Welsh businessman (1845–1909)

Sir Alfred Lewis Jones (24 February 1845 – 13 December 1909) was a Welsh businessman and ship-owner. Described by W. T. Stead as "The Uncrowned King of West Africa", Jones was a pre-eminent figure in the colonial shipping trade who amassed considerable business through his many exploits. He was also regarded as a public benefactor in later life and through the execution of his will.

==Early life==
Jones was born on 24 February 1845 in Carmarthen, Wales. His father was Daniel Jones, owner of The Welshman and the only son of Charles Jones, who served the office of Mayor of Carmarthen from 1839 to 1840. His mother was Mary Jean Williams, the eldest daughter of the Rev. Henry Williams, rector of Llanedi. When Jones was three years old, they moved to Liverpool. His own description of his childhood was that it was "happy and uneventful." He could not remember "any amusing escapades or stirring adventures." Jones excelled at arithmetic and was very keen on swimming and sailing.

==Career==
===Early career===
At the age of twelve, Jones was apprenticed to the managers of the African Steamship Company at Liverpool on the recommendation of the ship's master, making several voyages to the west coast of Africa.

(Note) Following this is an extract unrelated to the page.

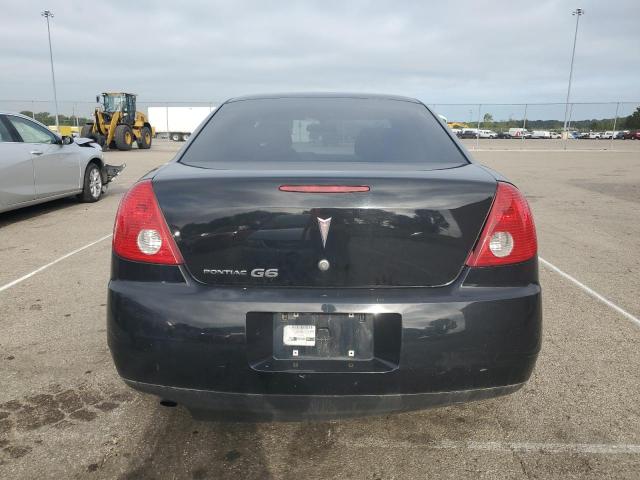 1G2ZF58B074152201 - 2007 PONTIAC G6 VALUE LEADER BLACK photo 6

By the time he was twenty-six, he had risen to be manager of the business. Not finding sufficient scope in this post, he borrowed money to purchase two or three small sailing vessels, and started in the shipping business on his own account. The venture succeeded, and he made additions to his fleet, but after a few years' successful trading, realizing that sailing ships were about to be superseded by steamers, he sold his vessels.

===Elder, Dempster & Co.===
Jones took a keen interest in imperial affairs. He acquired considerable territorial interests in West Africa, where he acquired considerable land and business, and financial interests in many of the companies engaged in opening up and developing that part of the world. He was the first merchant to import bananas to England in 1884 and became a friend of the Fyffe family. The ships of the Elder, Dempster & Co. line eventually became known as the "banana boats."

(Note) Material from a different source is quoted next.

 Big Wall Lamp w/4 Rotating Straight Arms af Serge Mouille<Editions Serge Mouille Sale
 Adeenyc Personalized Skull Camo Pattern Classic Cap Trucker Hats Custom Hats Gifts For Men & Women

His activity in this field urged Joseph Chamberlain, the colonial secretary, to persuade him to do the same for the Jamaican banana trade. It proved to be a costly venture. Winston Churchill, while at the Colonial Office, would come to know Jones well.

Messrs. Elder, Dempster & Co., who purchased the business of the old African Steamship Company, offered Jones a managerial post in 1891. This offer he accepted, subject to Messrs. Elder, Dempster selling him a number of their shares, and he thus acquired an interest in the business, and subsequently, by further share purchases, its control. Elder Dempster employed both E.D. Morel and Roger Casement, who in time became bitter enemies of Jones.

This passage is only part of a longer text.